Nach dieser langen Reise und der
wilden nächtlichen Rollerfahrt mitten durch Saigons Innenstadt ließen wir den ersten
richtigen Tag in Vietnam ruhig angehen. Wir schliefen aus, frühstückten und
machten uns dann erst auf zur ersten Erkundungstour.
Aus Saigon wurde nach der
Wiedervereinigung von Nord- und Südvietnam im Jahr 1976 Ho Chi Minh City, benannt
nach dem Mann, der 1930 in Hongkong die Kommunistische Partei Vietnams
gründete. Ho Chi Minh bedeutet übersetzt so viel wie "Ho mit dem klaren
Willen". Dennoch hat sich der neue Name nie richtig durchsetzen können und
der Name Saigon wird nach wie vor häufig verwendet, gerade auch von
Einheimischen und im touristischen Umfeld. Uns gefällt Saigon jedenfalls definitiv
besser ;)
Typisch: Smog |
Saigon ist das kommerzielle Herz
Vietnams, Business wird großgeschrieben und viele internationale Unternehmen
haben bereits Niederlassungen aufgebaut. Wer sich den Verkehr auf den Straßen
anschaut, bekommt den Eindruck, dass die Hälfte der Stadt auf dem Moped
unterwegs ist. Schätzungen zufolge gibt es in Saigon ca. 5 Mio. Mopeds, was in
Anbetracht der Einwohnerzahl schon recht ordentlich ist.

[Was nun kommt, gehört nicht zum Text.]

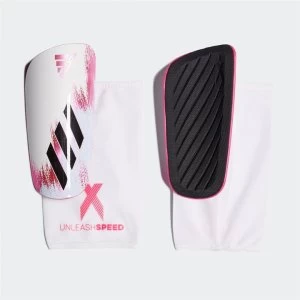 adidas adidas Football X Soft Ground League Shin Guard - White/Pink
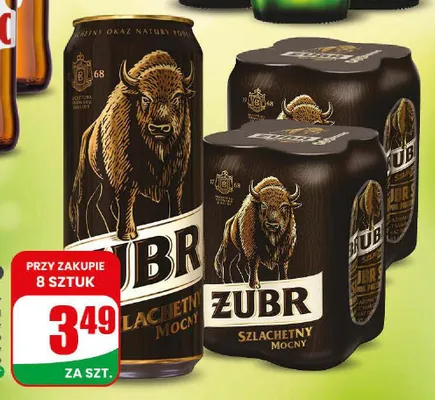 Piwo Żubr Szlachetny Mocny promocja w Dino
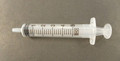 This is a picture of the BD syringe showing the BD logo displayed on the syringe.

Über 7 Millionen
Menschen – so schätzt man – suchen hier ihr Glück. Wie viele es genau sind, ist
nicht bekannt, da permanent Menschen aus allen Teilen Vietnams in die Metropole
zuwandern. Der Verkehr ist jedoch generell auf den ersten Blick ziemlich
erschlagend. Massen von Mopeds brummen um einen herum, der Lärm, die Wärme und
die Hektik verstärken den wuseligen Eindruck noch. Auf nicht selten 8-spurigen
Straßen herrscht ein unglaubliches Gewirr von Mopeds, Taxis, Bussen und Cyclos,
wie man die Rikschas hier nennt.
Das ununterbrochene Hupen
sämtlicher Verkehrsteilnehmer prägt den Sound dieser Stadt, die kein Ort zum
In-Sich-Gehen oder gar Relaxen ist. Viele Touristen sind erst einmal geschockt
und überfordert. Auch wenn es die
wenigsten eingestehen – es geht sicher vielen so. Hat man sich aber erst an die
Lautstärke, die Hitze und die wahnsinnig vielen Menschen auf engem Raum gewöhnt,
dann gibt es in Saigon viel zu erleben und zu entdecken. So mancher würde sogar
sagen, dass man hier das richtige Asien vorfindet. Wer Saigon gesehen hat, der
weiß, was der Begriff "asiatische Großstadt" bedeutet.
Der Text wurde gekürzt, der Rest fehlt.